RECORDS SHOWN -

---*---

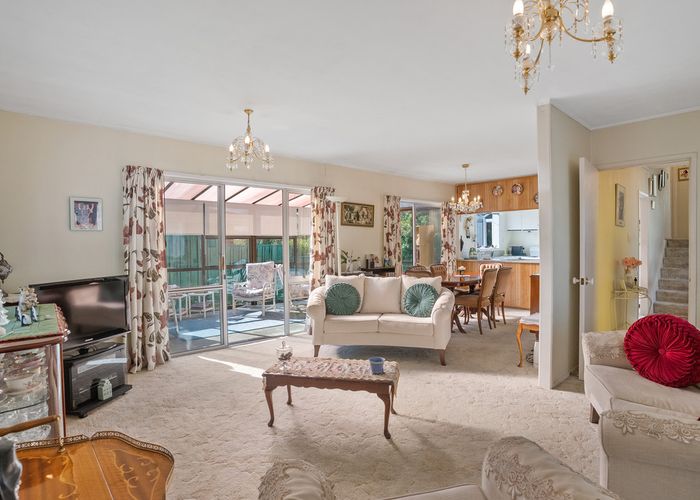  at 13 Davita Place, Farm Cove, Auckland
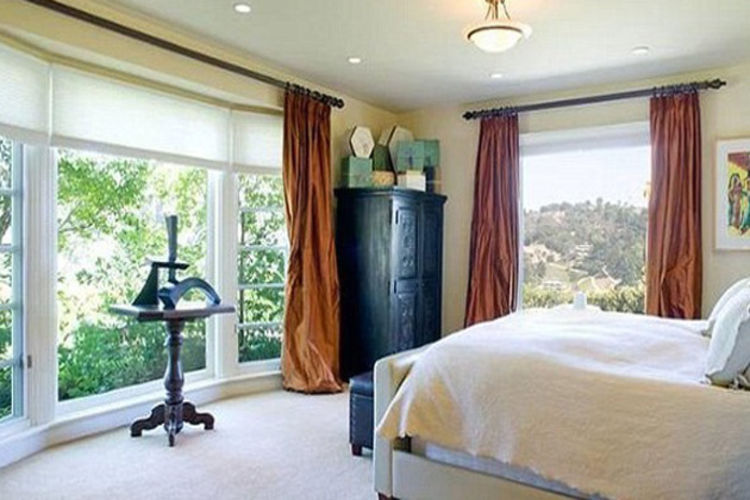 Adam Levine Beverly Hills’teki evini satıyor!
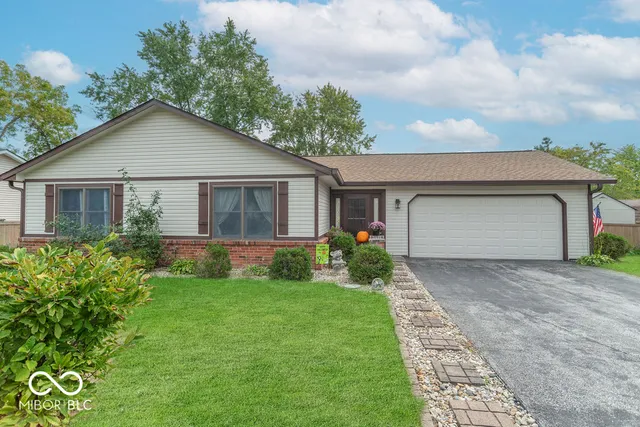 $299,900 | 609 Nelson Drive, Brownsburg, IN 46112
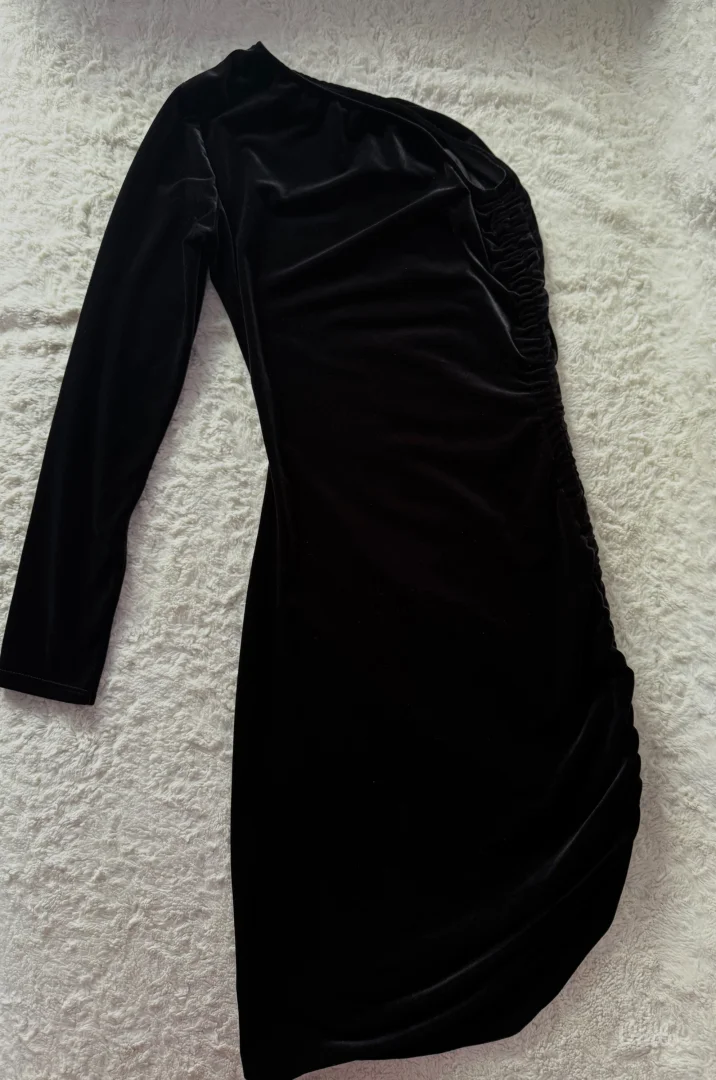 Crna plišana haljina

---*---

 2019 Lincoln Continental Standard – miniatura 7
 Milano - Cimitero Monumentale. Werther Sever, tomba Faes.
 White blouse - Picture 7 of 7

---*---

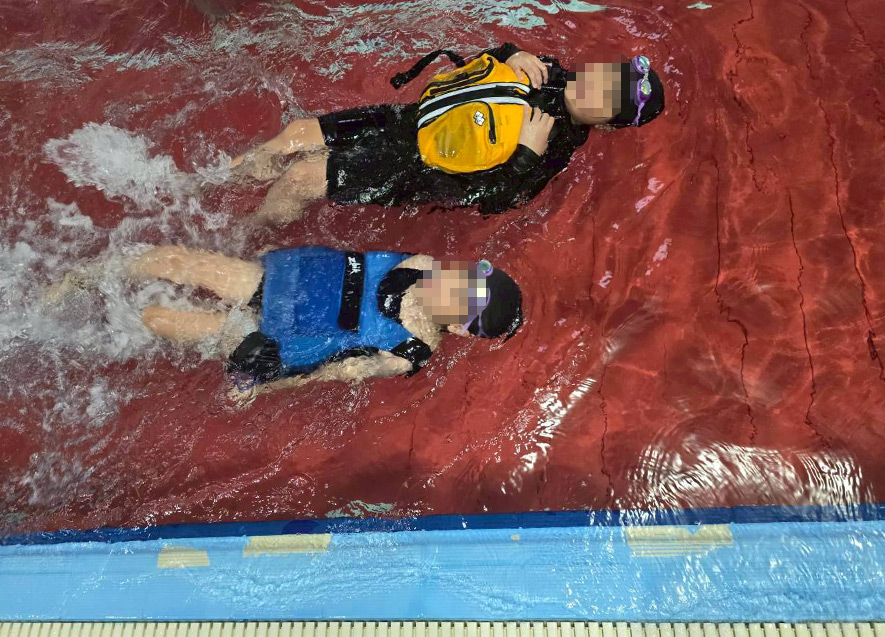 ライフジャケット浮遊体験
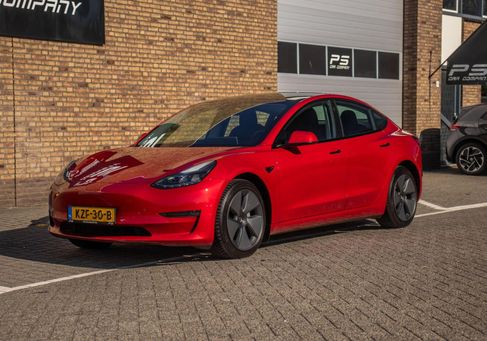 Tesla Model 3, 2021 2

---*---

All that should be written out is the stretch of lines above between the one holding "Milano - Cimitero" and the one holding "White blouse - Picture 7 of 7", inclusive, exactly as given.

 Milano - Cimitero Monumentale. Werther Sever, tomba Faes.
 White blouse - Picture 7 of 7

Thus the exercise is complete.